Además, es necesario recordar que el conflicto armado comienza en un momento en el que el movimiento feminista enfrentaba diversos obstáculos como el desencuentro prevalente entre los movimientos de mujeres de clases populares y las asociaciones feministas de clases medias. Un gran número de feministas se muestran, en efecto, extremadamente decepcionadas de la poca consideración que los partidos de izquierda muestran a su causa. El PCP-SL se presenta también como una alternativa atractiva para algunas de ellas, a través del establecimiento de comités específicamente dedicados a captar y conservar la militancia femenina, gracias a la elaboración de una doctrina que busca conciliar las virtudes del marxismo con las exigencias feministas.
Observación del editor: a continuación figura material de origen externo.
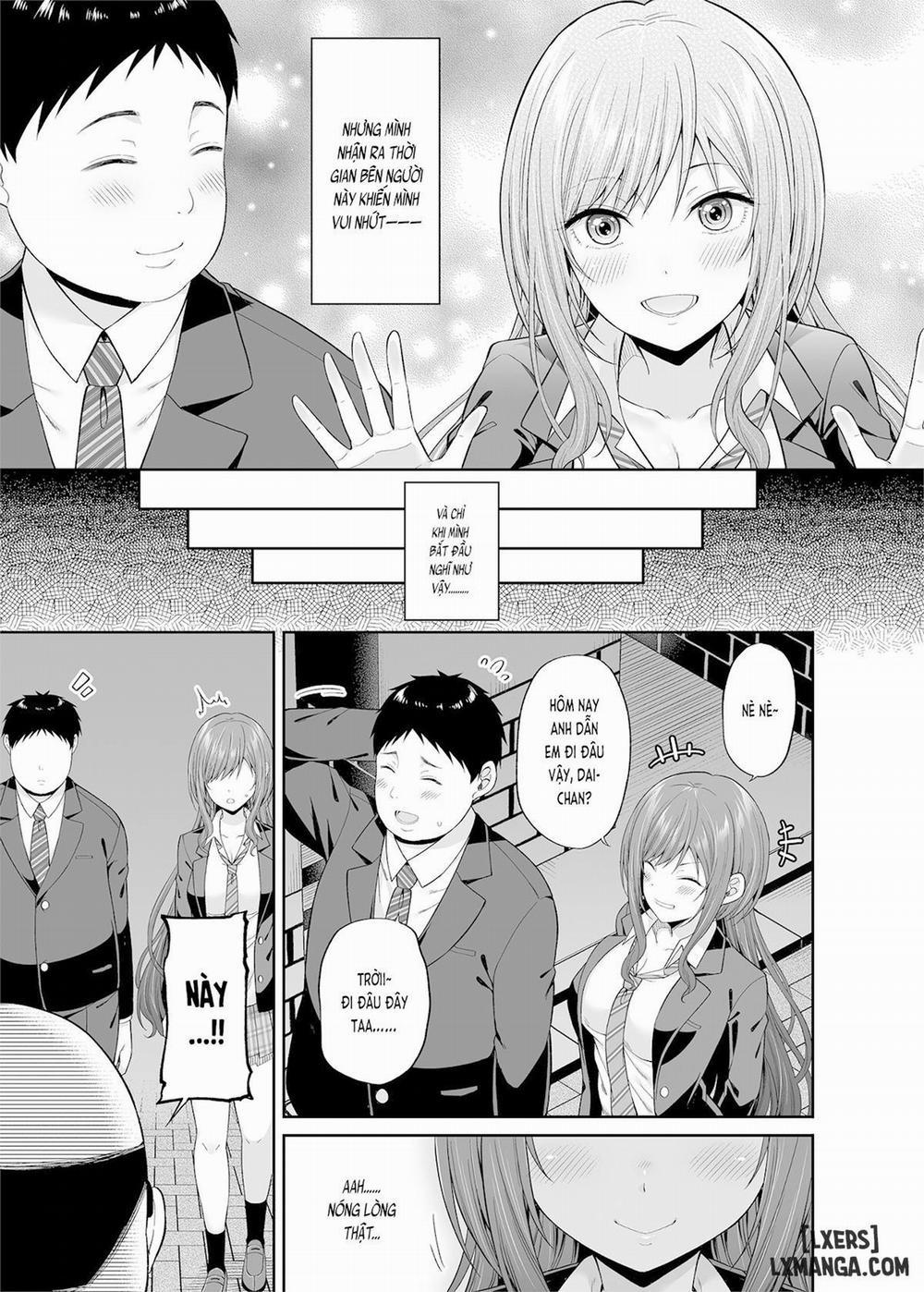 Enkoakujyo Jya Dame Desuka Oneshot trang 7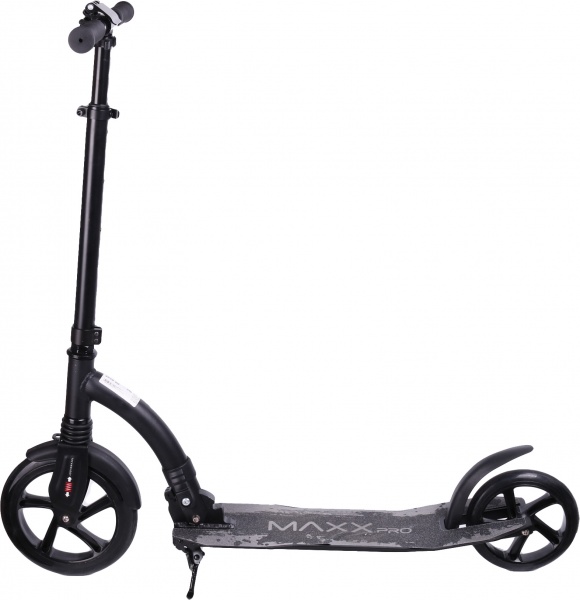 Самокат MaxxPro чорний SC-30-BL 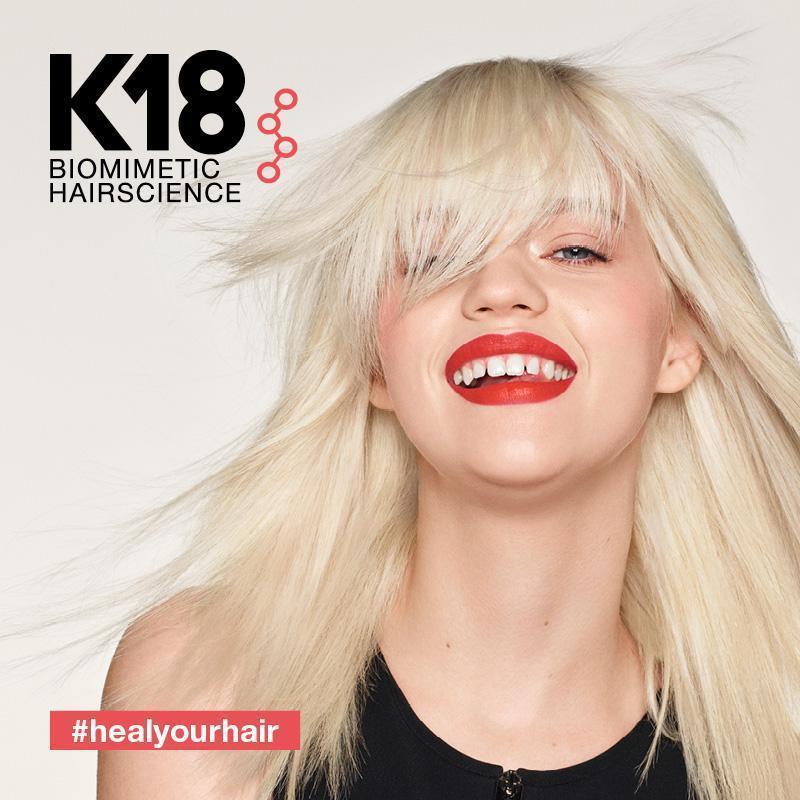 K18: Für Haare wie neu – in 4 Minuten!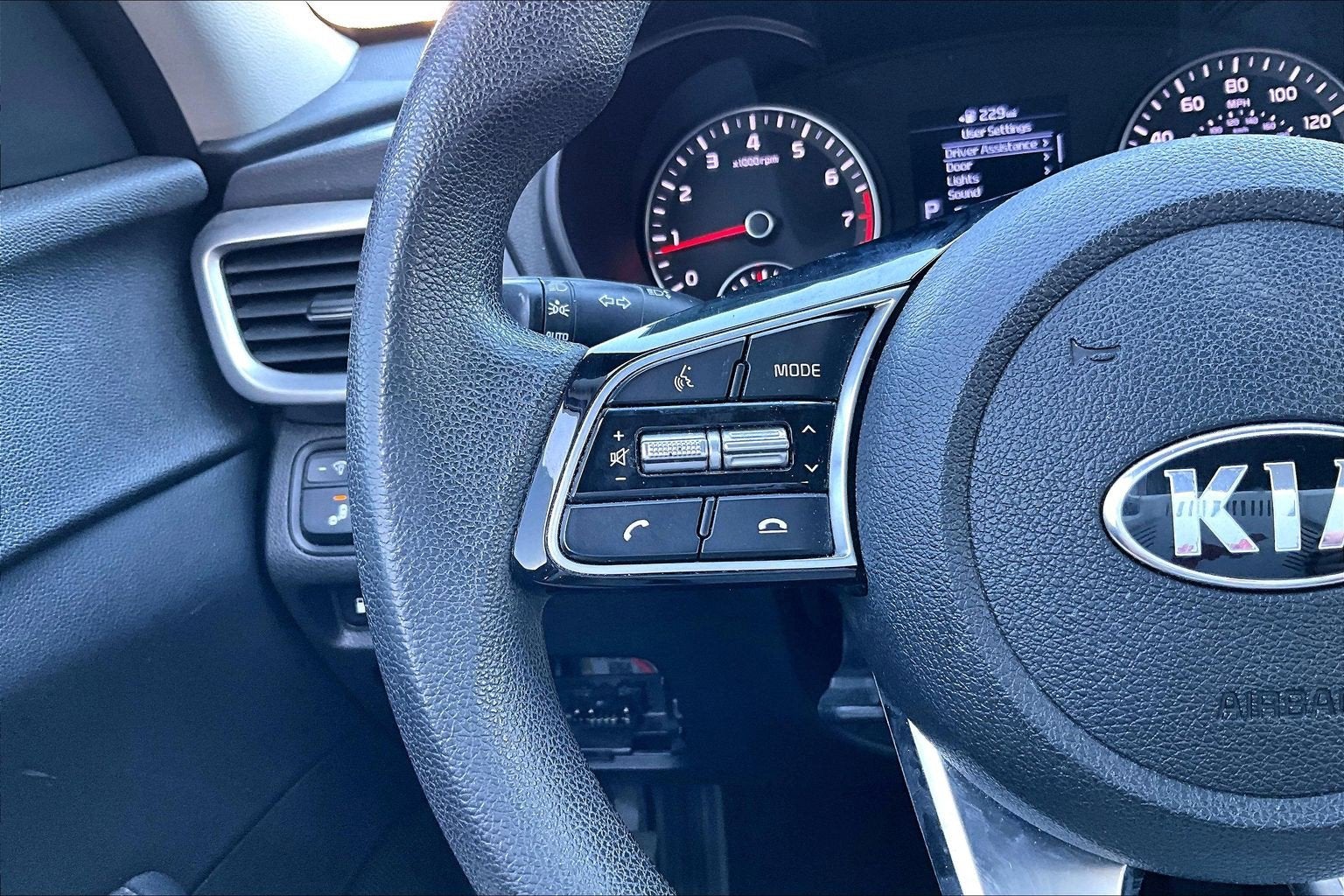 2019 Kia Optima LX
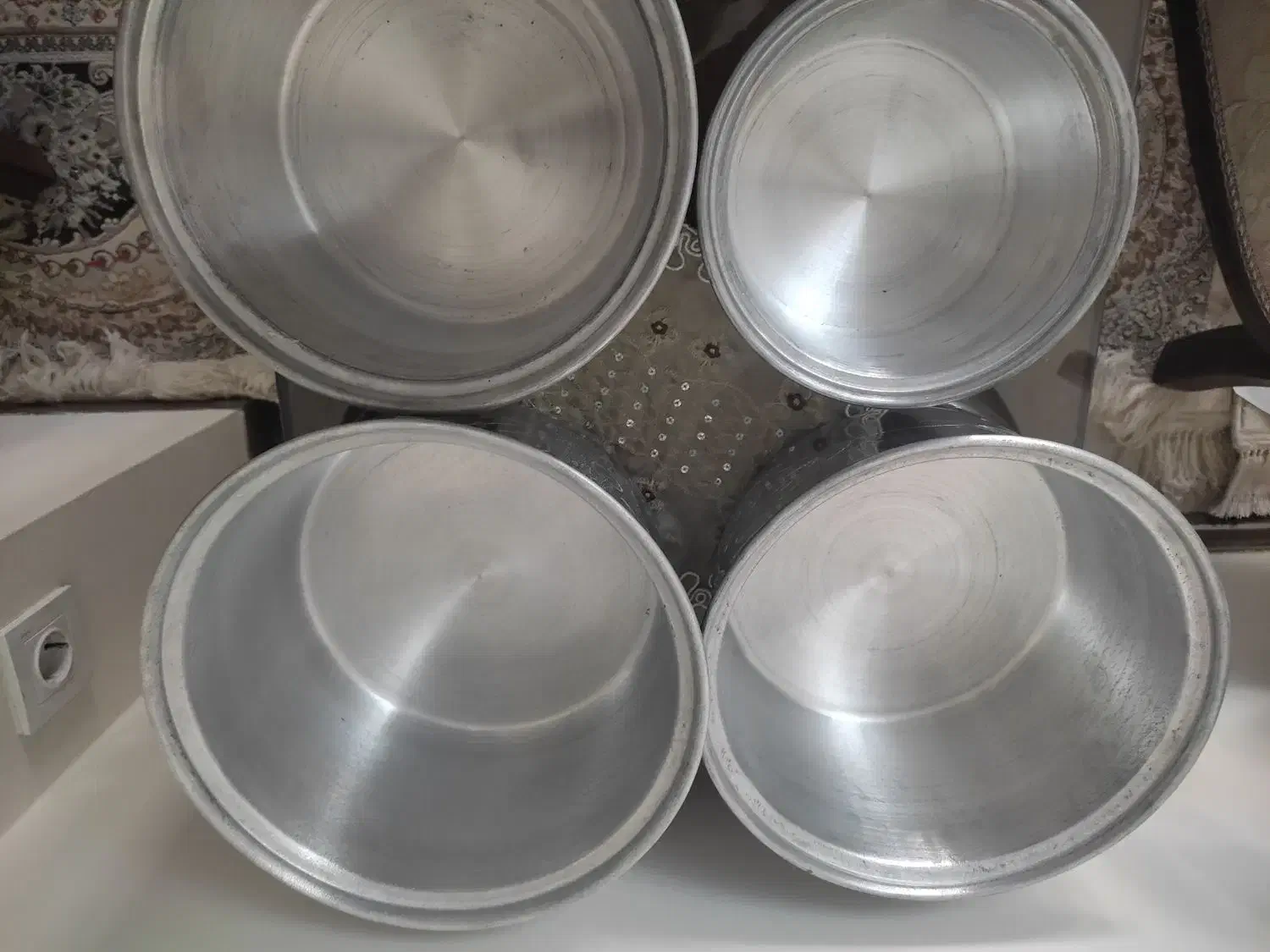 سرویس قابلمه روحی|ظروف پخت‌وپز|تهران, چیتگر شمالی|دیوار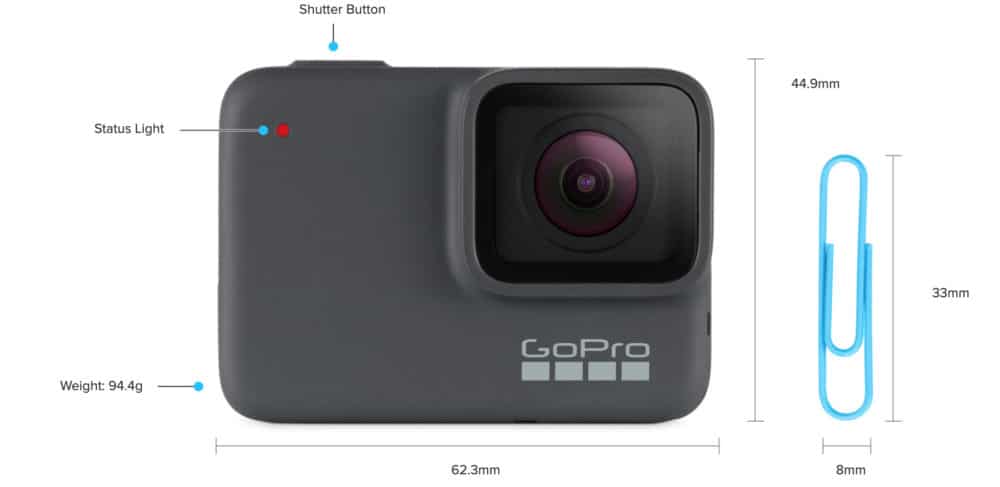 gopro shaky video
Así, la posición adoptada por el partido sobre la emancipación de las mujeres se expresa dentro de un texto redactado a principios de los años 1970 por tres militantes, titulado El marxismo, Mariátegui y el movimiento femenino (s/f). Por otro lado, durante los años precedentes a la entrada oficial del PCP-SL en la lucha armada, en todo el país tuvieron lugar numerosas manifestaciones alrededor del tema “mujeres”, en las que participaron aquellas que estaban organizadas por el partido o porque las enviadas en representación, por ejemplo, la Comisión Nacional de la Mujer peruana, o las convenciones de mujeres universitarias o de las mujeres campesinas. Estos eventos, que empezaron con un alcance local, tomaron poco a poco una dimensión nacional y terminaron por representar a los principales órganos, a través de los cuales las mujeres de todo el país se incorporaron al PCP-SL.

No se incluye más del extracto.